Despite the UK government’s recent decision to suspend some arms export licences to Israel, defence exports approved by Britain to the occupation state totalled £17 million in 2023. Carter declined to comment on these political decisions, but emphasised the importance of continued military cooperation: “It’s very important for both militaries to work together, share the best training, and understand together the complexity of the modern battlefield.”

The former defence chief’s remarks offer rare public confirmation of how Western militaries study and adapt Israeli military tactics and technology, even as Israel faces mounting criticism over its conduct in Gaza.

Human rights organisations and legal experts have increasingly raised concerns about how Israeli military technology and expertise is being exported globally even as Israel faces mounting accusations of genocide in Gaza. Amnesty International, Human Rights Watch, and the European Centre for Constitutional and Human Rights have all concluded that Israel is committing genocide against Palestinians in Gaza. Médecins Sans Frontières has reported seeing “clear signs of ethnic cleansing,” while the International Commission of Jurists and the UN have also condemned Israel’s actions.

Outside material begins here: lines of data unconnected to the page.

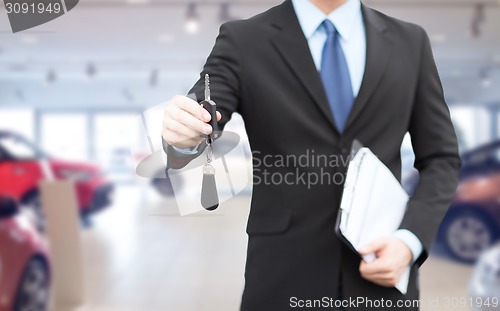 Image of close up of businessman or salesman giving car key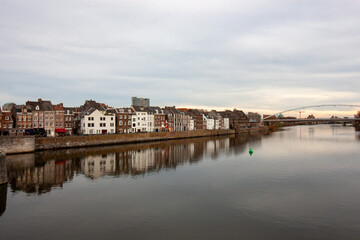Naklejka premium Scenic view of the historic Meuse river embankment with architectural reflections in Maastricht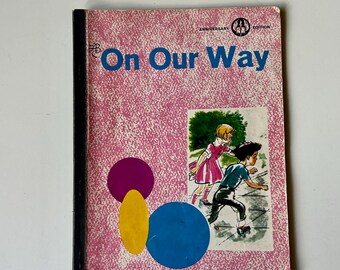May include: A vintage book titled On Our Way Anniversary Edition with a pink textured cover. The front features a black spine, a purple circle, a yellow oval, a blue circle, and an illustration of a child in a pink dress and a child on roller skates.
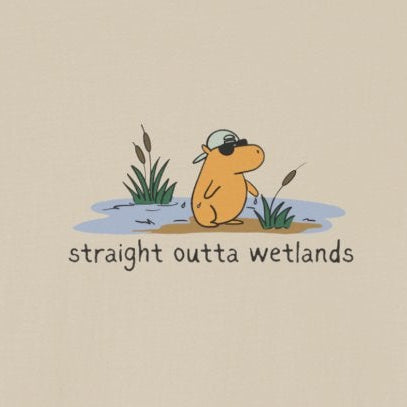Capy Life softstyle tee featuring a hand-drawn capybara in a backwards hat and sunglasses in a wetland scene.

This comes as monitoring group Airwars has determined that, “By almost every metric, the harm to civilians from the first month of the Israeli campaign in Gaza is incomparable with any 21st-century air campaign.” Despite these findings, and the International Criminal Court issuing arrest warrants for Benjamin Netanyahu and Yoav Gallant for alleged war crimes, military cooperation and technology transfer between Israel and Western allies, including Britain, continues largely unabated.